-
51. Data: 2010-12-24 01:05:57
Temat: Re: Mgla
Od: Sebastian Biały <h...@p...onet.pl>
On 2010-12-24 00:39, niusy.pl wrote:
> Musiałbyś to mieć w znacznym % samochodów. MZ zupełnie nierealne.
Nierealność kończy sie kiedy Komisja Europejska albo coś innego z
"Europejska" wypierdzi właściwą dyrektywę.
> No to właśnie mówię, że jeśli w ogóle ma być sprzęt to używanie komórki
> kierowcy nie jest potrzebne.
Dzisiaj mogła by być przydatna, docelowo nie.
> Nierealne. Byłoby dużo dymu i nic więcej.
Dlatego gdybam sobie w nurcie SF z braku innego zajęcia.
> To jednak generuje ich zyski. Darmowe inicjatywy przynoszą straty.
Cała masa darmowych inicjatyw generuje straty. Jak chociaż utrzymywanie
112. Dlaczego ktoś to jeszcze utrzymuje?
> Dobra, rozumiem, że chodzi Ci dokładnie o natychmiastowe wykrywanie
> karamboli i informowanie o tym zainteresowanych, ale tego nie zrobisz bo
> za duża bezwładność jest i masa problemów organizacyjnych.
Bezwładność podjęcia decyzji to milisekundy o ile systemu nie
zaprojektuje debil.
>> Potrzebny jest internet. To załatwia telefon. Ba, to zalatwia gówniany
>> terminal GSM montowany na stałe w samochodzie za 100zł w detalu.

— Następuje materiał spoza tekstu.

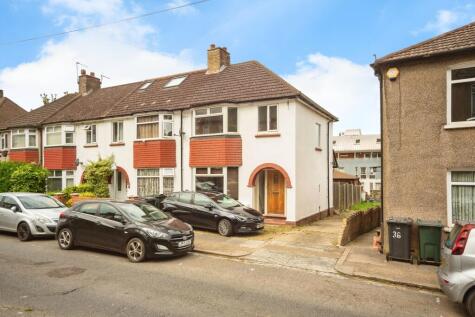 Mount Pleasant Road, Dartford, DA1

> Znajdź najpierw chętnych do płacenia za ten system w każdym samochodzie,
> nie tylko nowym.
"Chętni" do obowiązkowego ABSu się w EU znalezli jakoś sami.
>> cokolwiek co przypomina wolny internet. I może być nawet powolny.
> Wolny internet ? To publiczne adresy IP :-)
W tej chwili internet w telefonach przypomina przeglądarki *tylko*
facebooka czy co tam aktualnie jest potrzebne tumanistom do zabicia
czasu. Poczekamy, może cos się zmieni, ale coś czuje ze operatorzy
telefonów nie pozwolą na taki wielki błąd jak fakt, że internet normalny
nie jest cenzurowany. Tym razem będa go trzymać w lapie. To utrudnia
zrobienie podobnych systemów bez silnego nacisku prawnego.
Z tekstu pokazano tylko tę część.